■ **Work item**:
Your job with the data below is to output exactly the lines from the one holding "Toyota Avalon 13-18" down to the one holding "Rise of the", both included, and no others.

■ **Data extract**:
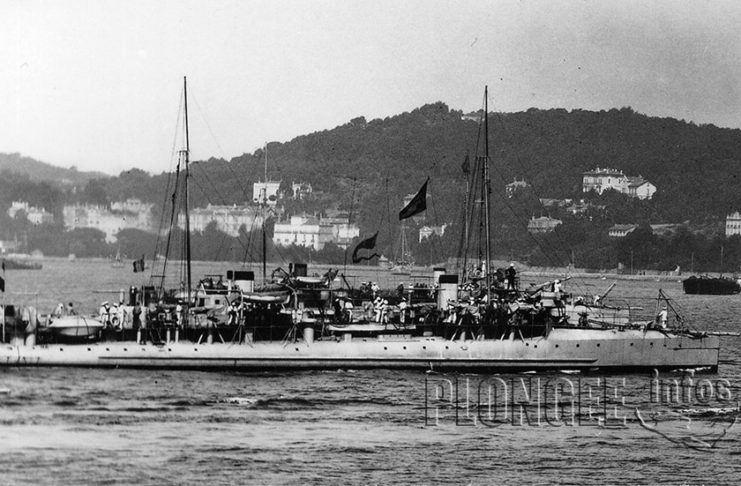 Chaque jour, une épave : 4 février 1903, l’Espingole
---
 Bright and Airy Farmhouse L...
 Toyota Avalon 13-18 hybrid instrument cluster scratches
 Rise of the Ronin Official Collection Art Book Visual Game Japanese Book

■ **Finished task**:
 Toyota Avalon 13-18 hybrid instrument cluster scratches
 Rise of the Ronin Official Collection Art Book Visual Game Japanese Book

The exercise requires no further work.